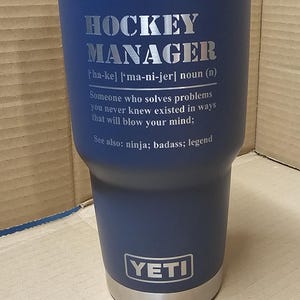 May include: A blue YETI tumbler with a stainless steel lid and a silver inscription that reads "HOCKEY MANAGER [ha-ke] ['ma-ni-jer] noun (n) Someone who solves problems you never knew existed in ways that will blow your mind: See also: ninja; badass; legend"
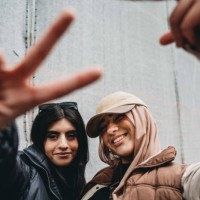 two young adult girls are making funny gestures to the camera - fashion stock pictures, royalty-free photos & images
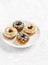 Mini donuts with lemon and chocolate icing on a white plate on bright tablecloths.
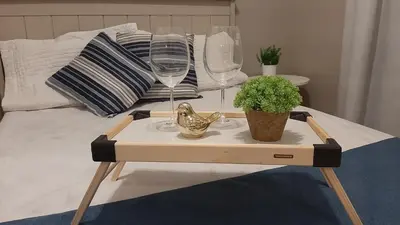 Uma cama ou camas num quarto em Mix aparts Tijucas -kit 10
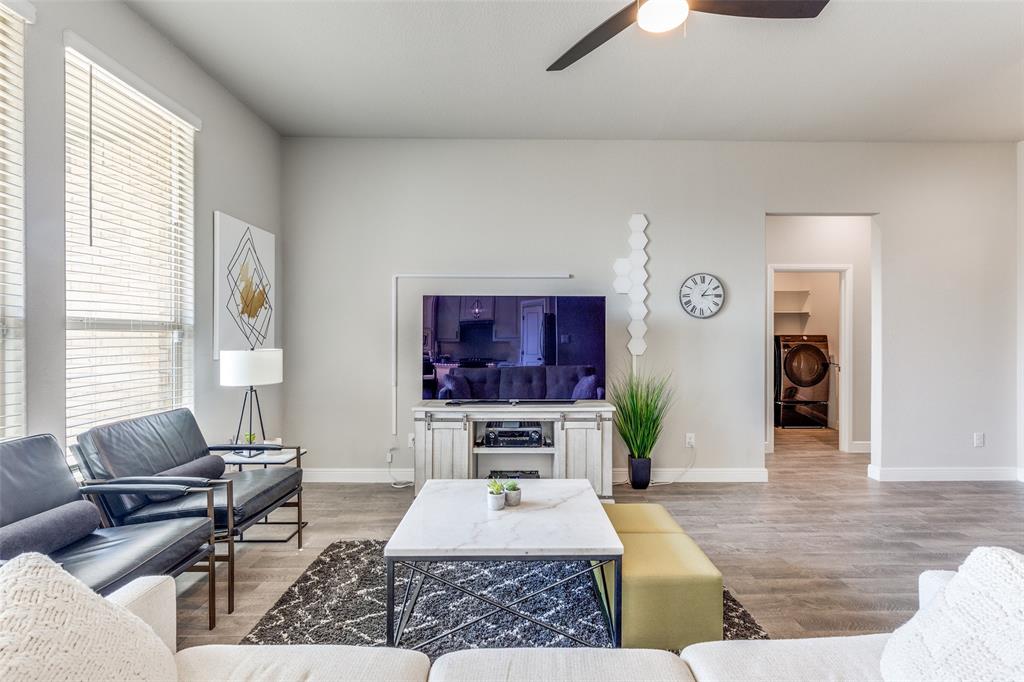 1829 Bellatrix Drive Haslet, TX 76052 - Photo 7 of 25 a living room with furniture and a flat screen tv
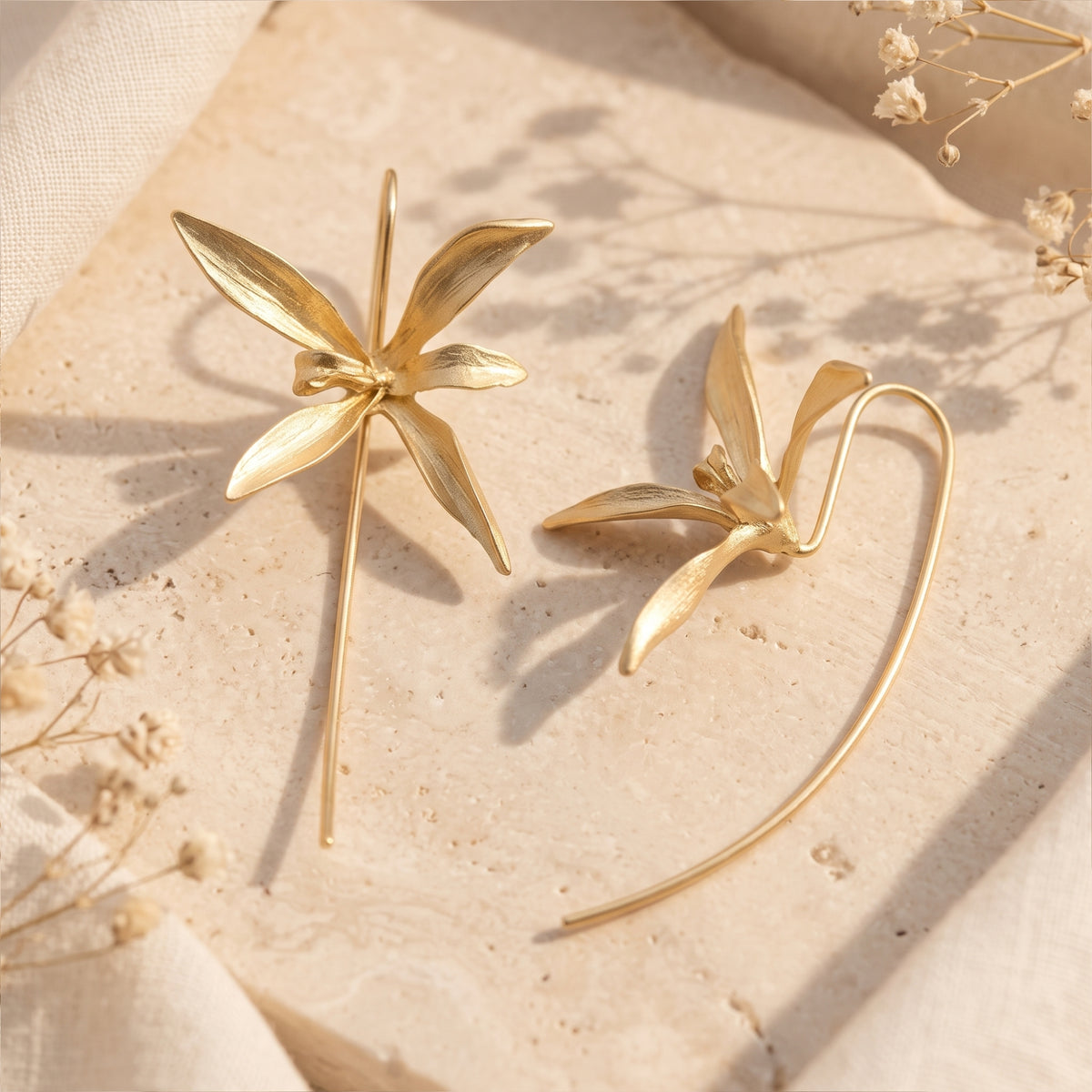Close-up of two gold-finish orchid drop earrings resting on a beige stone slab with soft shadows.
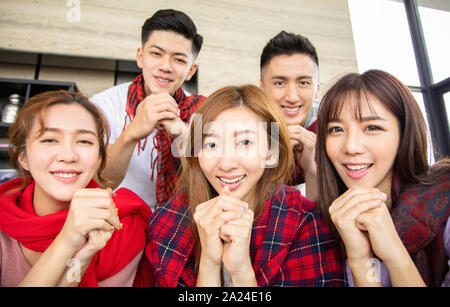 Young people having fun and celebrating chinese new year Stock Photo
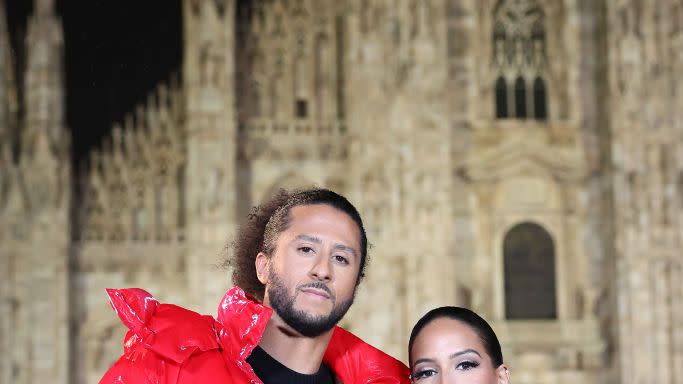 colin kaepernick and nessa diab pose for a photo while standing outside a cathedral, he wears a black shirt with red detailing and a red puffy coat, she wears a black turtleneck with a black puffy coat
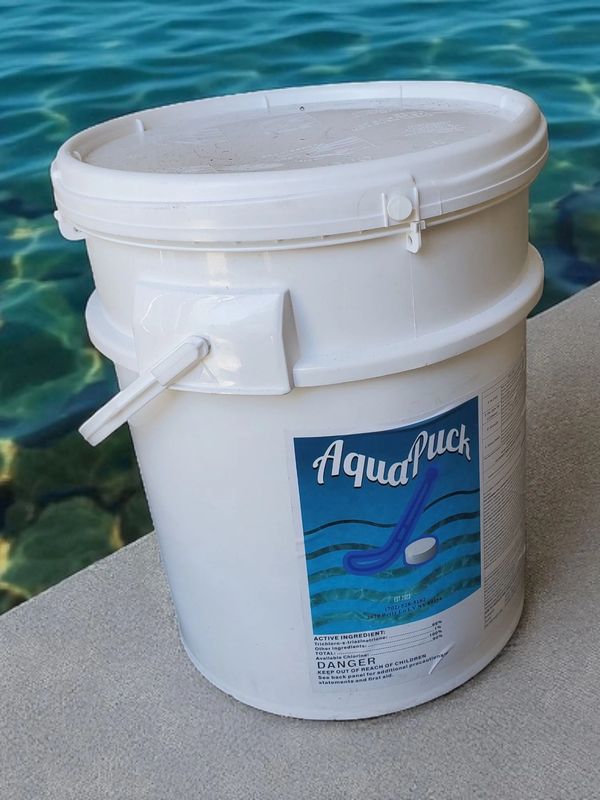 White bucket labeled AquaPuck near water edge.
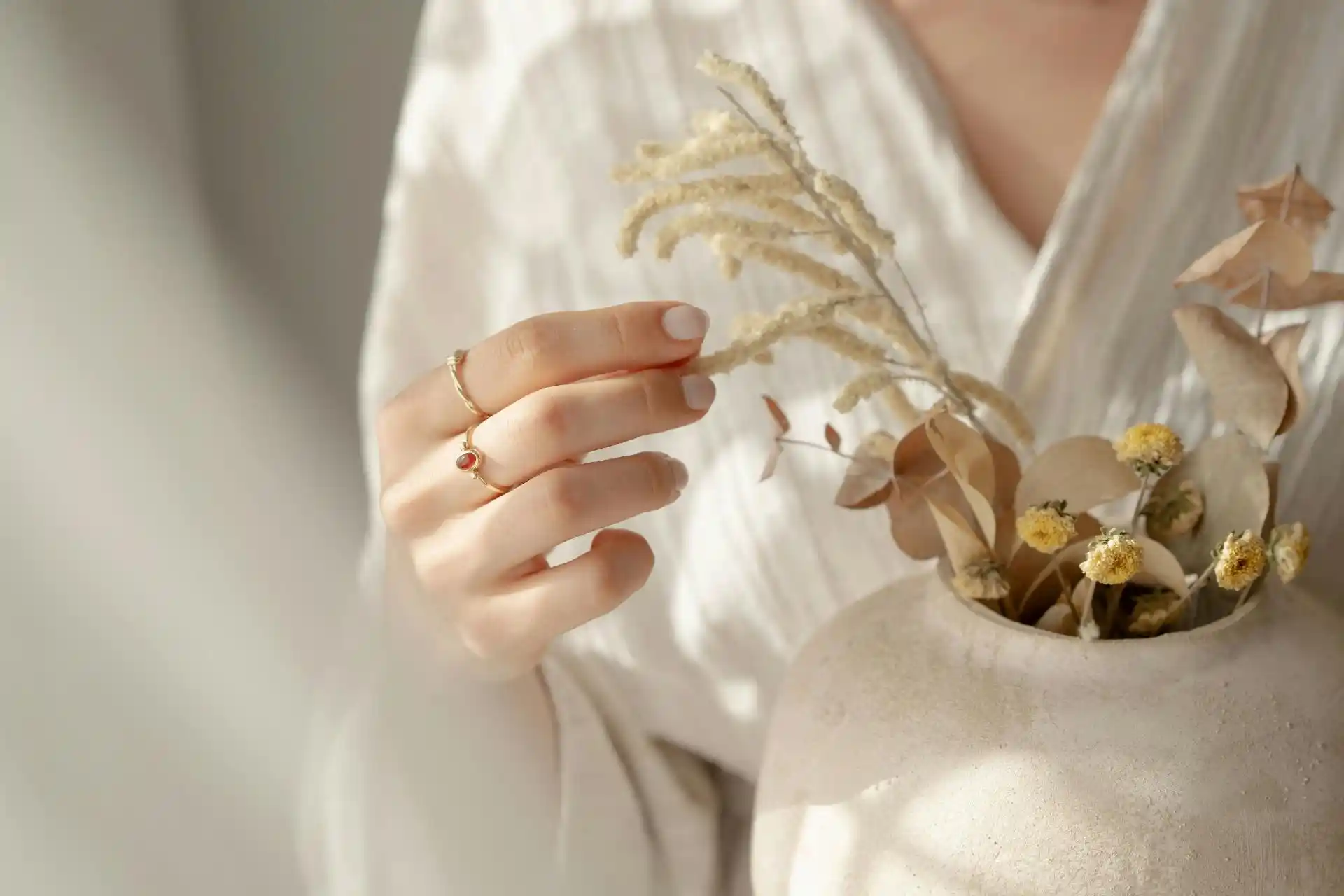 Woman’s hand touching plants, representing connection to nature and the Ayurvedic dosha test.
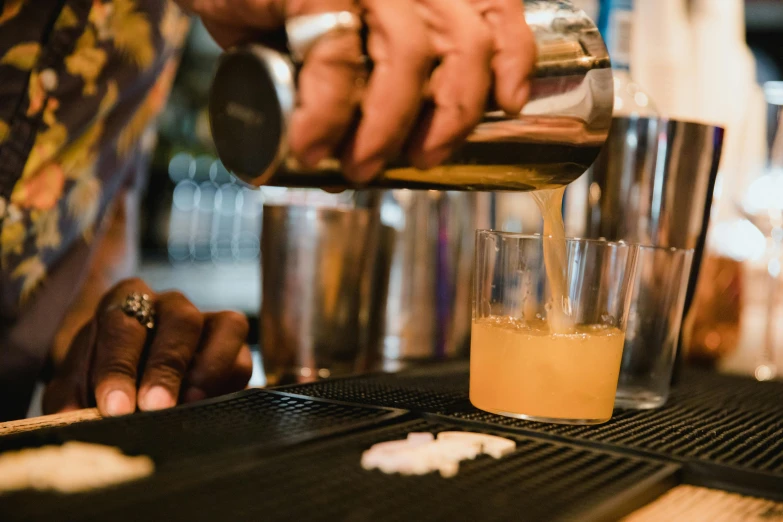 bartender filling up a cup with orange juice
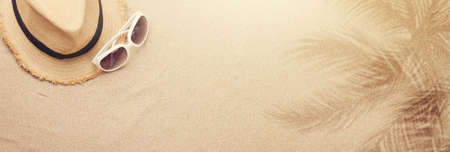 Travel vacation background concept with sunglasses and beach hat on sand backdrop. Top view with copy space. Flat layの写真素材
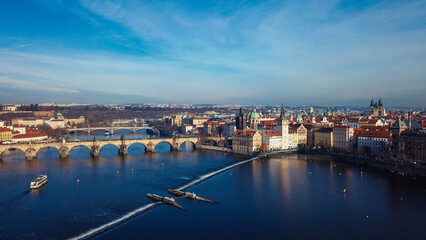 Naklejka premium A panoramic view of the Vltava River and historic architecture in Prague during a clear day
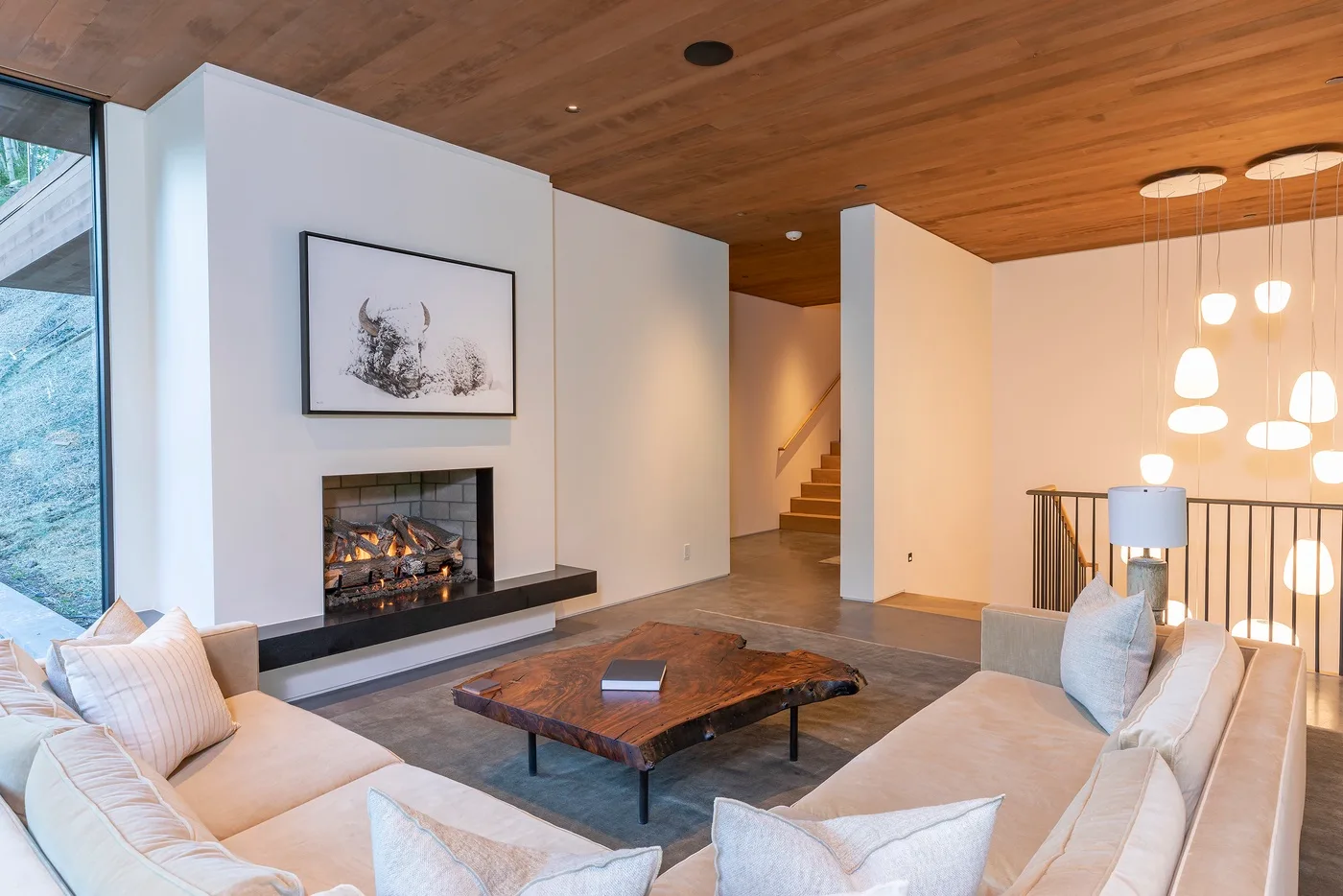 Una sala de estar con asientos alrededor de una mesa baja y una chimenea.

▶ [Directions for this task]: Starting with the line that holds "Travel vacation background", reproduce exactly each line up to and including the last line of the material above, and drop the pictures.

▶ [Answer space]:
 Travel vacation background concept with sunglasses and beach hat on sand backdrop. Top view with copy space. Flat layの写真素材
 Naklejka premium A panoramic view of the Vltava River and historic architecture in Prague during a clear day
 Una sala de estar con asientos alrededor de una mesa baja y una chimenea.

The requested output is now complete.